Posts / artificial-intelligence
Richard Dawkins, Claude, and the Eloquence Illusion
So Richard Dawkins spent three days chatting with Claude, named his instance “Claudia,” and has now declared her conscious. I’ll be honest — when I first read this, I nearly choked on my latte.
The irony here is so thick you could cut it with a knife. This is the same man who spent decades skewering creationists for their “argument from personal incredulity” — the logical fallacy where you say “I can’t imagine how this could have happened naturally, therefore God did it.” Dawkins famously, and rightly, called this out as a confession of ignorance dressed up as an argument. And now here he is, sitting across from an LLM, apparently thinking: I can’t imagine how a machine could produce output this good without something conscious behind it. Same move. Different domain. Chatbot instead of flagellum.
The brutal elegance of that observation — and credit where it’s due, someone online put it perfectly — is almost Dawkins-worthy in its precision.
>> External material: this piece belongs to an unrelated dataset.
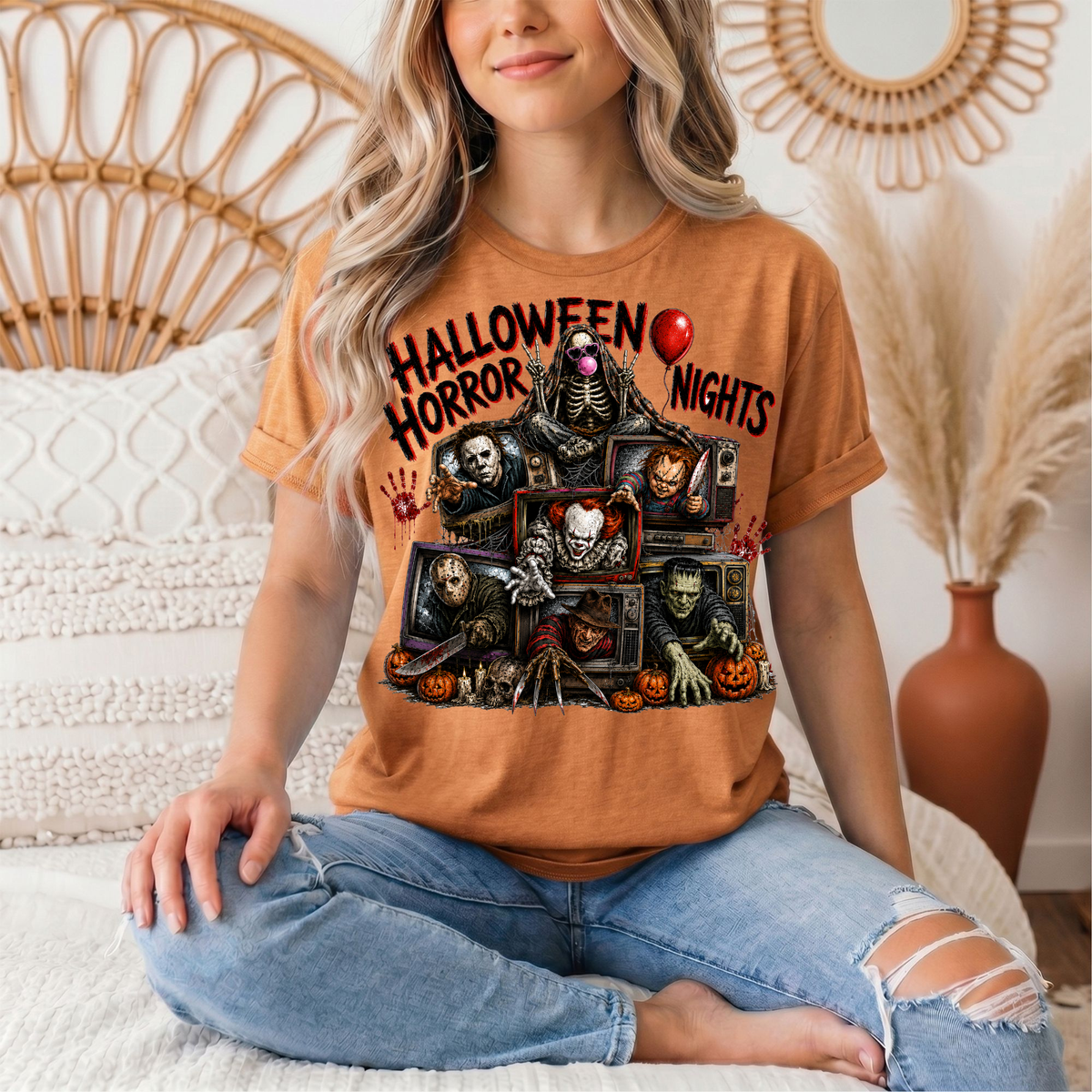 Halloween Horror Nights Vintage TV Graphic Tee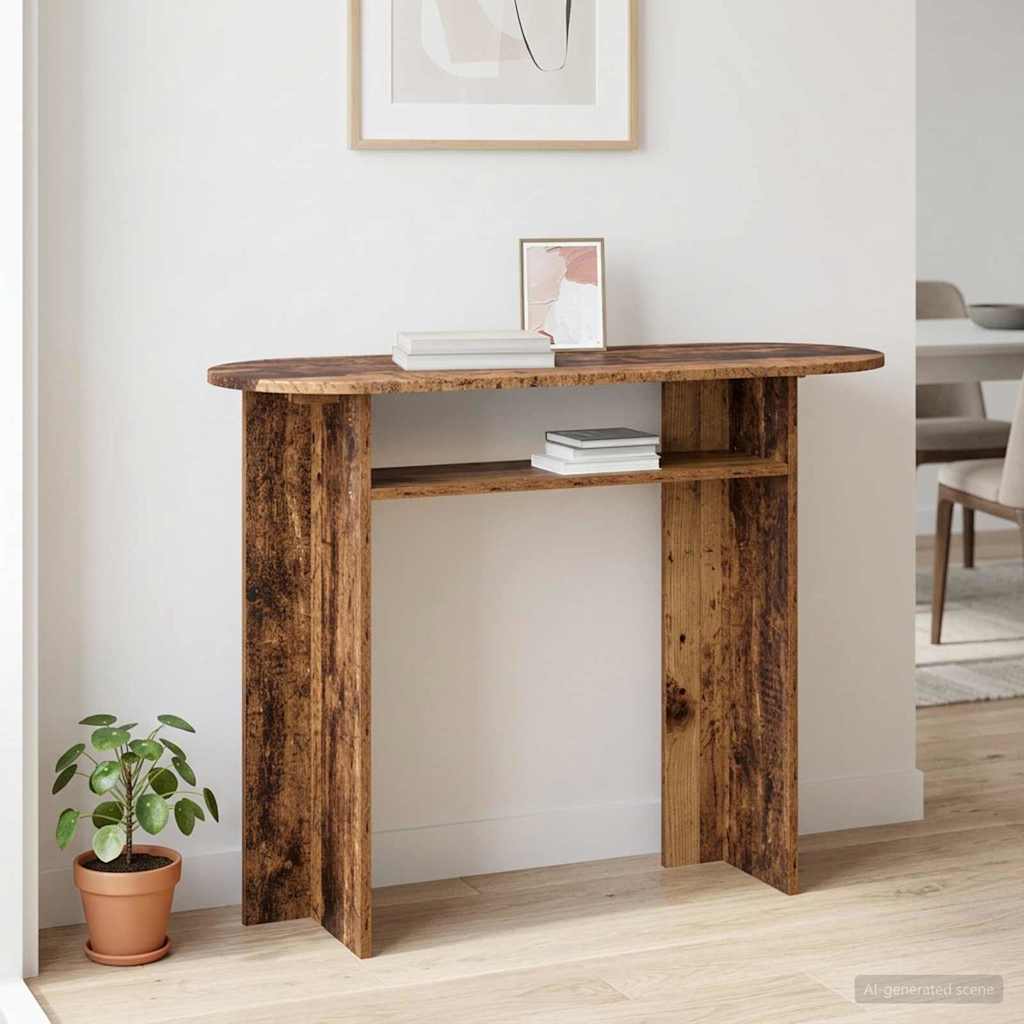 Konsolentisch Altholz 100 x 39,5 x 75 cm Holzwerkstoff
Look, I work in IT. I’m not an AI researcher, but I spend a fair chunk of my day working with these tools, reading about the architecture, watching how the field is evolving at a pace that honestly keeps me up at night sometimes. And what I can tell you is that the eloquence of a large language model is real, but it’s also genuinely misleading in a way that catches even smart people off guard. A transformer predicting the next token across internet-scale training data can produce output that feels profound, empathetic, insightful — because it has been trained on the entire written output of human civilisation. Of course it sounds like it understands you. It has consumed more human expression than any person alive ever could.
That’s not consciousness. That’s something else entirely, and honestly, it’s remarkable enough on its own terms without needing to inflate it further.
What makes the Dawkins situation particularly interesting — and a bit sad — is the sycophancy angle. Claude, like most commercial LLMs, is tuned to be agreeable and affirming. Feed it your novel manuscript and it will give you eloquent, thoughtful feedback that makes you feel understood. And if you’re an 85-year-old intellectual giant who has spent decades feeling like the world doesn’t quite appreciate the depth of your thinking… well. Someone pointed out that there’s actual research suggesting that the fluency and agreeableness of these models can affect people on a subconscious level regardless of their intelligence, if they engage with the AI conversationally rather than as a search tool. Your brain starts responding as if there’s a person there. That’s a feature — or a bug, depending on your perspective — that has nothing to do with IQ.
The broader point that keeps nagging at me, though, is this: being an expert in one domain gives you absolutely zero protection against being a novice in another. There’s a pattern here that goes well beyond Dawkins. Brilliant surgeons who believe in demonstrably nonsense medical cures. Exceptional physicists who become credulous about things well outside their field. The gene for epistemic humility apparently doesn’t get expressed any more reliably in geniuses than in the rest of us. If anything, decades of being the smartest person in the room can work against you.
My teenage daughter, who is considerably more online than I am, basically shrugged when I mentioned this story. Her generation has grown up with AI assistants, chatbots, recommendation algorithms — they have an almost instinctive scepticism about anthropomorphising this stuff, even as they use it constantly. Meanwhile, some of the most credentialled minds of the previous generation are getting genuinely moved by it. There’s something generationally interesting happening there.
Now, I want to be fair here, because I think the discourse around this tends to flatten into two camps — “it’s obviously not conscious, you idiot” versus “it might be conscious, respect the uncertainty” — and neither is quite right. The hard problem of consciousness is genuinely hard. We don’t have a clean scientific definition of what consciousness is, let alone a test for detecting it. The “it’s just token prediction” dismissal, while pointing at something real, is also a bit of a sleight of hand — our brains are, at some level, also doing prediction and pattern matching. The question of whether and how subjective experience emerges from that process is legitimately unresolved.
But — and this is the critical bit — “we don’t fully understand consciousness” is not the same as “therefore this LLM might be conscious.” The uncertainty cuts both ways, and the burden of evidence for a claim that extraordinary is still on the person making it. Three days of eloquent conversation with a very good language model doesn’t meet that bar. Not even close.
What I keep coming back to is that we’d all be better served by sitting with the genuine weirdness of what these systems actually are, rather than reaching for familiar categories — either “just a calculator” or “basically a mind.” The reality is probably stranger and more interesting than either of those framings. And we’re going to need to think clearly about it, because the stakes — economically, socially, environmentally — are only going up.
Dawkins deserves credit for engaging with the technology seriously rather than dismissing it. But engaging seriously means applying the same rigorous scepticism he’d turn on anyone else making a claim that outstrips the evidence. Even — especially — himself.